In environments that do not consume the Gateway Firewall or its related services, the best practice for optimum resource usage and performance is to disable the Gateway Firewall.
Note, if NAT rules are configured, there can be a dependency on the Gateway Firewall. Consider the following scenarios before disabling the firewall:

Tier1-A has an SNAT rule configured that translates traffic from its attached to 10.1.1.1.
Scenario #1 - No FW dependency - Traffic initiated by VM-A
- Traffic initiated from VM-A, 192.168.1.1 to VM-B, 20.1.1.1 or any other destination.
- SNAT 192.168.1.1 to 10.1.1.1
- Return traffic will a destination IP of 10.1.1.1
- Tier-1-A will match it up with the existing SNAT flow and translate it
- Traffic delivered back to VM-A
- There is no dependency on Gateway Firewall for NAT to function.
Scenario #2 - Tier-1-A has Stateful firewall rule - Traffic initiated by VM-B
- Traffic initiated from VM-B, 20.1.1.1 to VM-A, 192.168.1.1
- Tier-1-A has a stateful firewall rule allowing this traffic
- Firewall connection tracker is updated with an entry for the TCP SYN packet from VM-B/20.1.1.1 to VM-A/192.168.1.1
- When VM-A replies, Tier-1-A matches the reply packet with the FW stateful connection entry
- SNAT translation is bypassed when traffic matches an existing Firewall connection entry.

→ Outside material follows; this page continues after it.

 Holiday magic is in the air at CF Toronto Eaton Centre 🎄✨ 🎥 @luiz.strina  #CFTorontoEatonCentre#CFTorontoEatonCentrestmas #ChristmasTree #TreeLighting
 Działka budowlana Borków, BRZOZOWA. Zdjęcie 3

Scenario #3 - Tier-1-A has Firewall disabled or stateless rule - Traffic initiated by VM-B -DP impact
- Traffic initiated from VM-B, 20.1.1.1 to VM-A, 192.168.1.1
- Tier-1-A has Firewall disabled (note same behaviour for stateless rules)
- Tier-1-A forwards the TCP SYN packet from VM-B/20.1.1.1 to VM-A/192.168.1.1 without creating a firewall connection entry
- When VM-A/192.168.1.1 replies back to VM-B/20.1.1.1
- Tier-1-A sees that there’s no Firewall connection entry, performs SNAT of source IP 192.168.1.1 to 10.1.1.1
- VM-B drops these packet as it was communicating with 192.168.1.1 and not 10.1.1.1.
- The solution would be to configure a No SNAT rule which excludes the return traffic flow from having NAT applied before disabling the FW.
To disable GW firewall
On the UI navigate to Security -> Gateway Firewall -> Settings -> Gateway Specific Settings
The Gateway Firewall can be disabled individually or via the multi select option if there are multiple Gateways.